Provided entries:
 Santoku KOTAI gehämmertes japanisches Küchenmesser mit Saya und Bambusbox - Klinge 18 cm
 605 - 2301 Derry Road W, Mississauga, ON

==

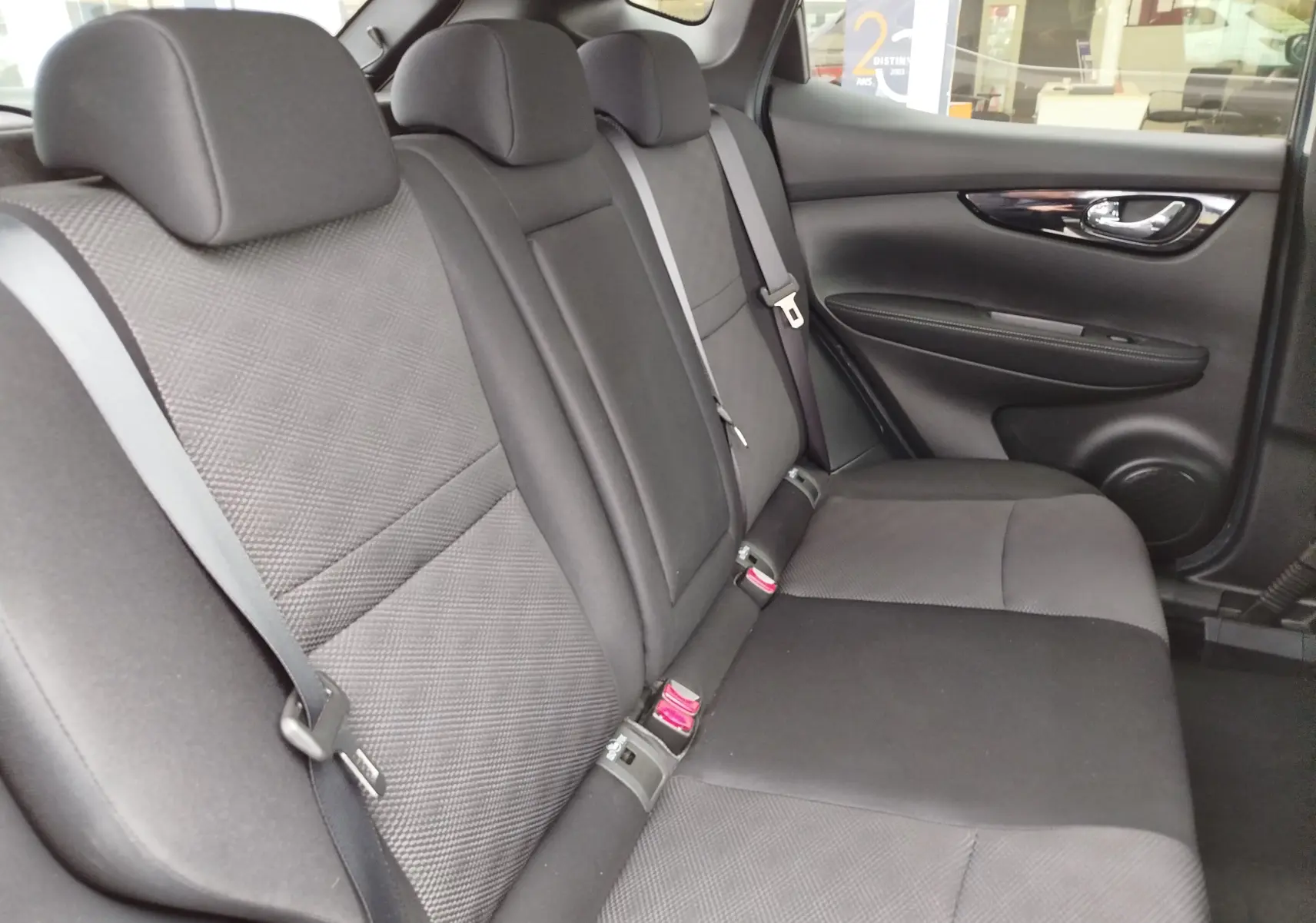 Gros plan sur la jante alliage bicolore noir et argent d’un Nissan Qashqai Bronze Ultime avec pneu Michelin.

--

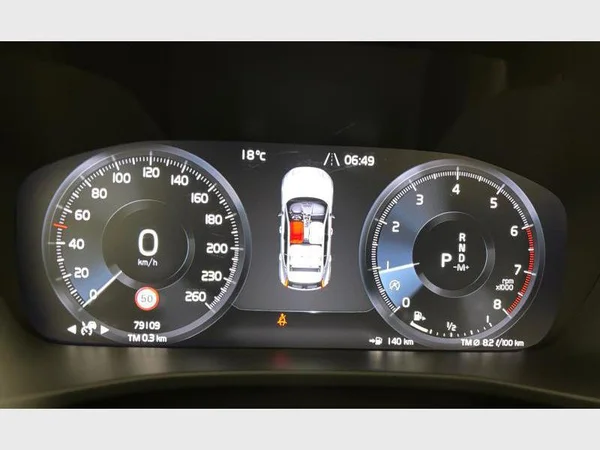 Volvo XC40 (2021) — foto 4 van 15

Requirement: Lines to set down from above: the line with "Santoku KOTAI gehämmertes", the line with "605 - 2301 Derry Road W, Mississauga, ON", and every line between, each exactly as written.

Task solution:
 Santoku KOTAI gehämmertes japanisches Küchenmesser mit Saya und Bambusbox - Klinge 18 cm
 605 - 2301 Derry Road W, Mississauga, ON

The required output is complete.